Skip to main content

Kafka

Setup

We will be using a virtual machine in the faculty's cloud.

When creating a virtual machine in the Launch Instance window:

  • Name your VM using the following convention: cc_lab<no>_<username>, where <no> is the lab number and <username> is your institutional account.
  • Select Boot from image in Instance Boot Source section
  • Select CC 2024-2025 in Image Name section
  • Select the m1.xlarge flavor.

In the base virtual machine:

  • Download the laboratory archive from here. Use: wget https://repository.grid.pub.ro/cs/cc/laboratoare/lab-kafka.zip to download the archive.
  • Extract the archive.
  • Run the setup script bash lab-kafka.sh.
$ # download the archive
$ wget https://repository.grid.pub.ro/cs/cc/laboratoare/lab-kafka.zip
$ unzip lab-kafka.zip
$ # run setup script; it may take a while
$ bash lab-kafka.sh

Before we start

What is Kafka?

Apache Kafka is an open-source distributed event streaming platform used to build real-time data pipelines and streaming applications. Originally developed at LinkedIn and later open-sourced through the Apache Software Foundation, Kafka is designed for high-throughput, low-latency handling of real-time data feeds.

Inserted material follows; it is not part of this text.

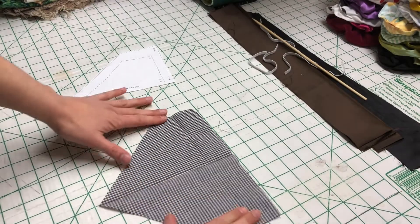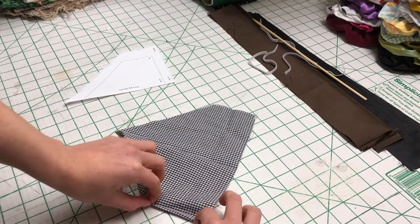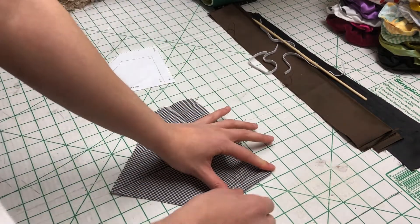Now what you want to do is fold in a quarter of an inch and then another quarter of an inch, and do this all around every single side.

The key features that Kafka provide are:

  • High throughput: Kafka can handle millions of messages per second
  • Scalability: Kafka clusters can scale horizontally by adding more brokers and partitions
  • Durability: Data is persisted on disk and replicated across multiple brokers for fault tolerance

We will explain each keyword in the following chapters.

Why do we need Kafka?

Kafka is used entensively across industries and domains that require real-time data streaming, reliable data pipelines and scalable system architectures.

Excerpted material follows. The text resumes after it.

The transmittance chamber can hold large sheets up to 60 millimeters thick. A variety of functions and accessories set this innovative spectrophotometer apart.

Here is a list of companies that use Kafka in their tech stack:

  1. Netflix
    • monitors streaming quality and buffer times
    • delivers recommendations based on recent watch history
    • trigger adaptive bitrate switching based on network conditions
  2. Riot Games (League of Legends)
    • track millions of in-game events per second
    • analyze performance, gameplay balance and user engagement
    • push live updates without interrupting gameplay
  3. Uber
    • tracks driver location for live updates
    • updates trip status (driver on the way, trip completed)
    • ETA calculations, route updates and dynamic pricing (surge)

Kafka is powerful, but what are the alternatives?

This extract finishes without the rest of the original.